((
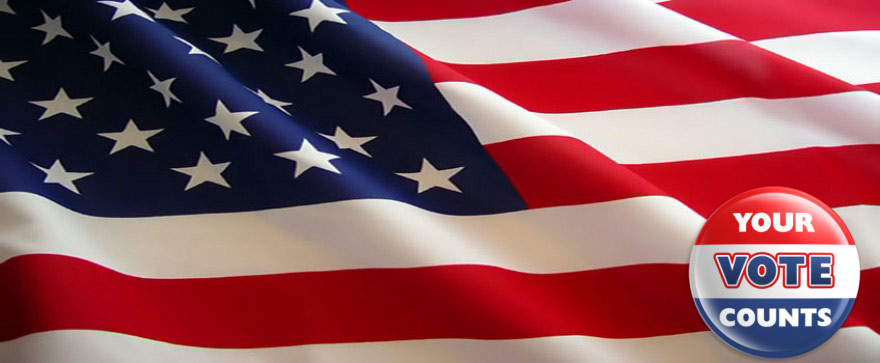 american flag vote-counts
))
((
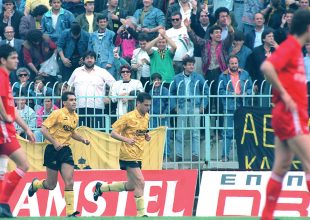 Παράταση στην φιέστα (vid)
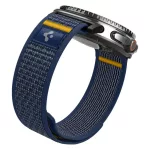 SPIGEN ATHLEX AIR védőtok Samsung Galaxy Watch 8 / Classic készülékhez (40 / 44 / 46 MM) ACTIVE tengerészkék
))
((
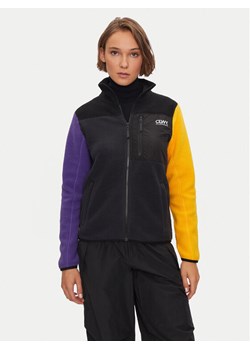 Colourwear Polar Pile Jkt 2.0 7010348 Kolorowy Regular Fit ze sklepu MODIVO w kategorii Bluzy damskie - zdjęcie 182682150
))
Work instruction:
All that is wanted is the lines above between the one containing "Παράταση στην φιέστα (vid)" and the one containing "SPIGEN ATHLEX AIR", inclusive, restated word for word, with pictures omitted.

Response to the task:
 Παράταση στην φιέστα (vid)
 SPIGEN ATHLEX AIR védőtok Samsung Galaxy Watch 8 / Classic készülékhez (40 / 44 / 46 MM) ACTIVE tengerészkék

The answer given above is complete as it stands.